_Data_
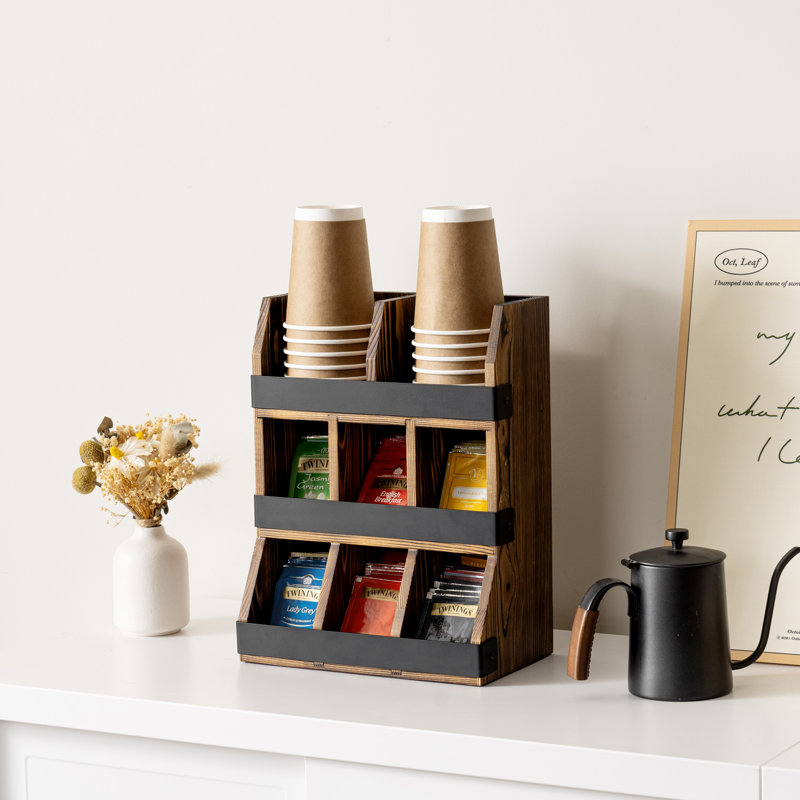Coffee Condiment Storage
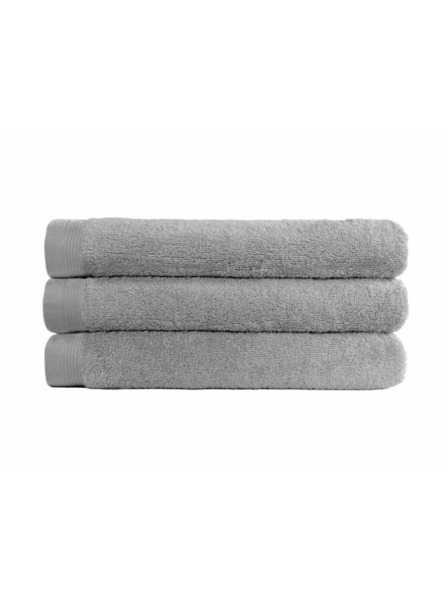 Kapatex Prosop de baie froté Clasic 70x140cm gri deschis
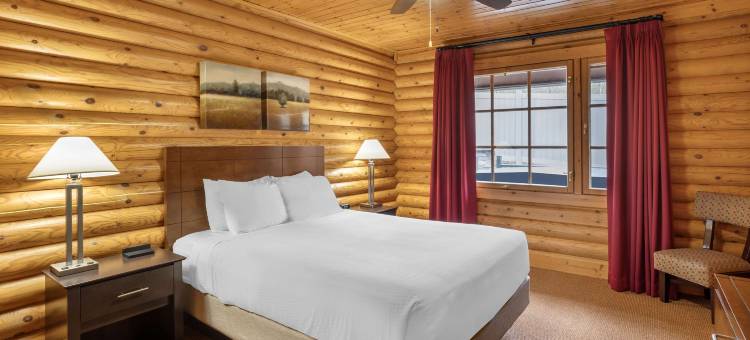 本特克里克高尔夫村钻石度假村(Hilton Vacation Club Bent Creek Golf Village Gatlinburg)图片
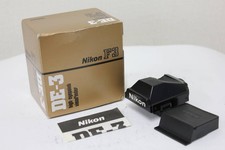 Nikon DE-3 High Eye-Point Finder for F3 w/ Box Excellent Condition JAPAN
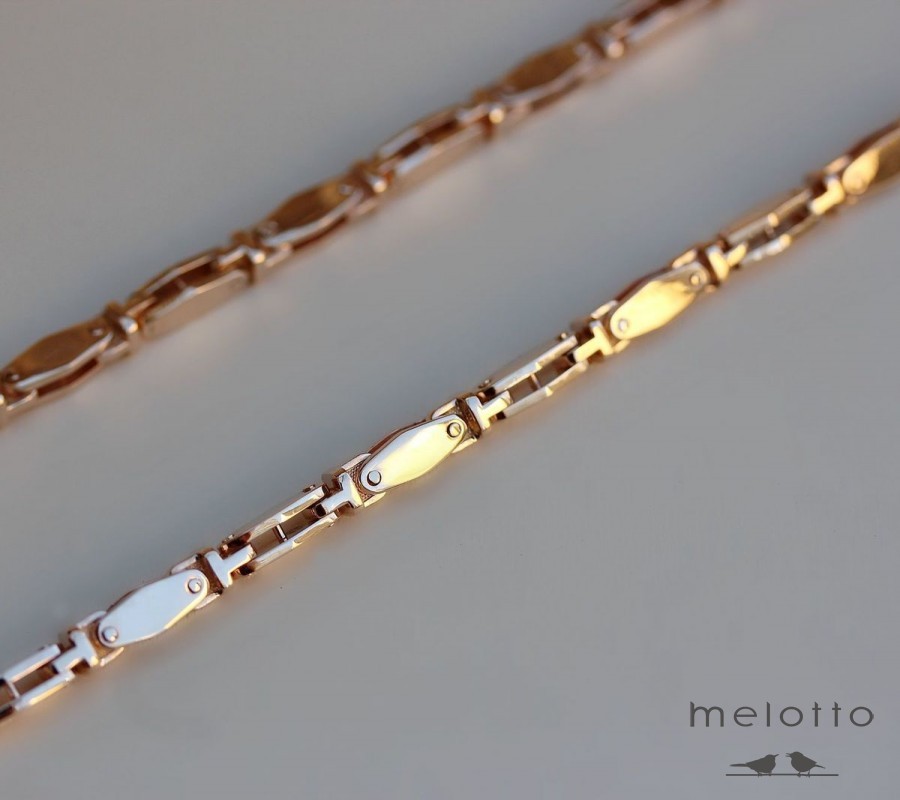 Мужская цепь Бенигна из золота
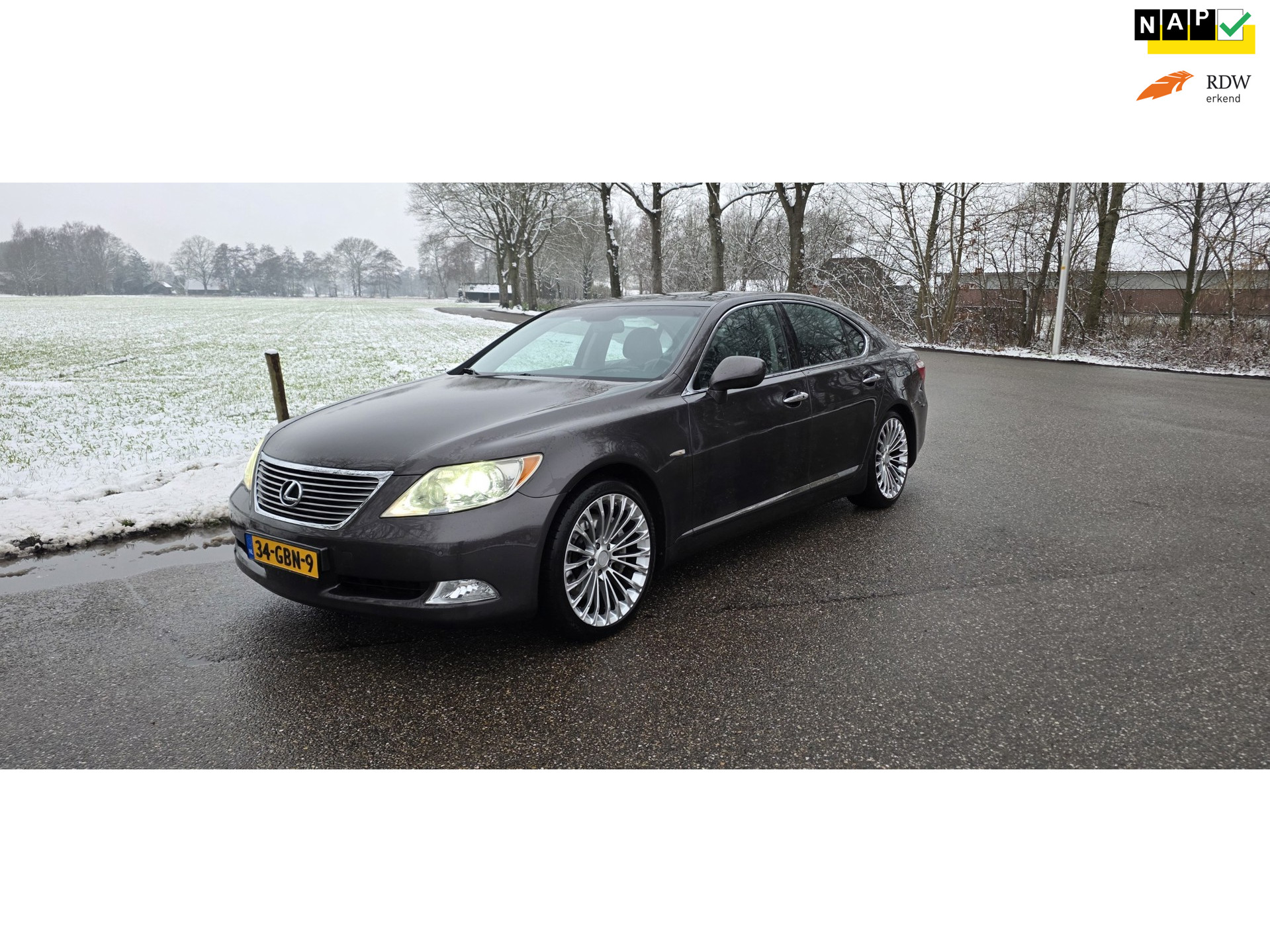 Foto van LEXUS LEXUS LS460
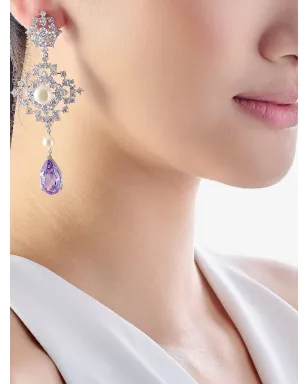 Anabela Chan Pixelise multi-stone イヤリング - サムネイル2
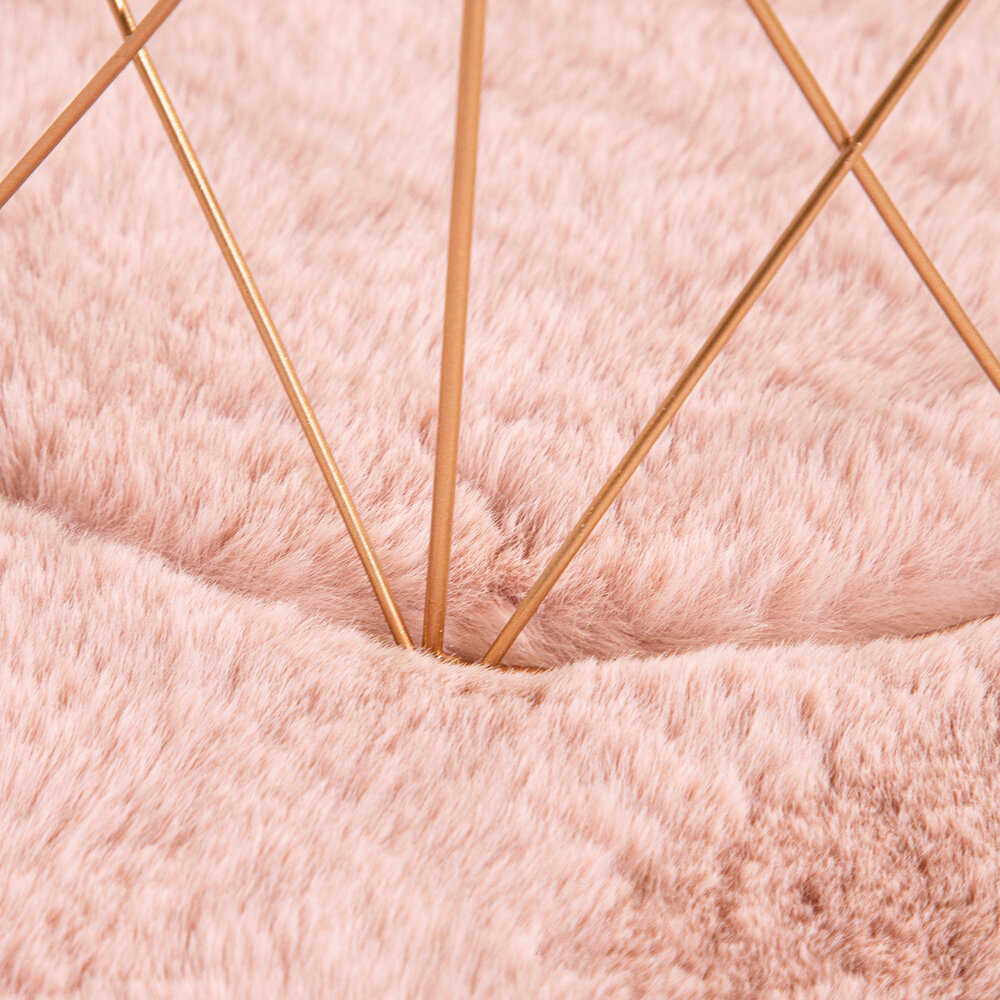 Badkamer Vloerkleed Comfy - Roze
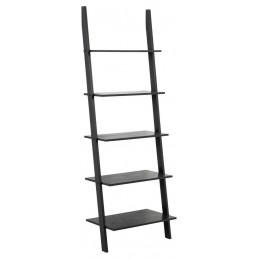 ACTONA regał WRITEX czarny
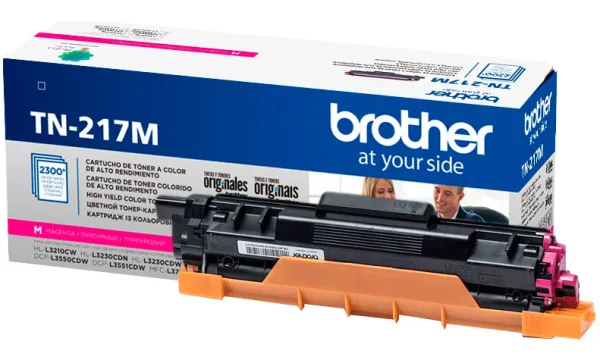 Картридж Brother TN-217M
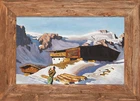 British school, 20th century - Three works including 'After Alfon Walde's Einsamer Berghog'; 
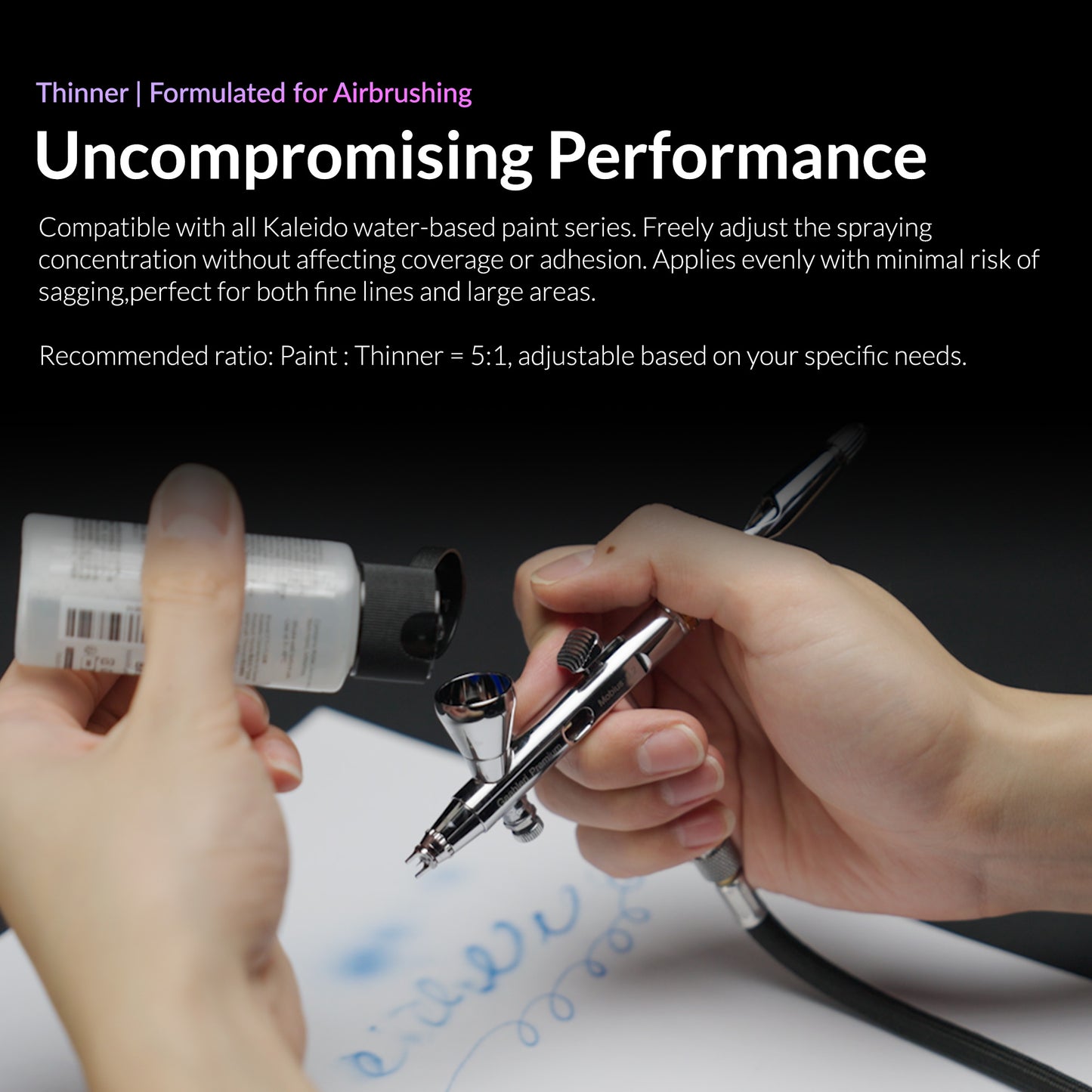 Kaleido ColorWorks Auxiliaries [Thinner/Retarder/Cleaner]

_Work instructions_
If a record above holds a picture, leave the picture out and write out everything else exactly.

_Written answer_
Coffee Condiment Storage
 Kapatex Prosop de baie froté Clasic 70x140cm gri deschis
 本特克里克高尔夫村钻石度假村(Hilton Vacation Club Bent Creek Golf Village Gatlinburg)图片
 Nikon DE-3 High Eye-Point Finder for F3 w/ Box Excellent Condition JAPAN
 Мужская цепь Бенигна из золота
 Foto van LEXUS LEXUS LS460
 Anabela Chan Pixelise multi-stone イヤリング - サムネイル2
 Badkamer Vloerkleed Comfy - Roze
 ACTONA regał WRITEX czarny
 Картридж Brother TN-217M
 British school, 20th century - Three works including 'After Alfon Walde's Einsamer Berghog'; 
 Kaleido ColorWorks Auxiliaries [Thinner/Retarder/Cleaner]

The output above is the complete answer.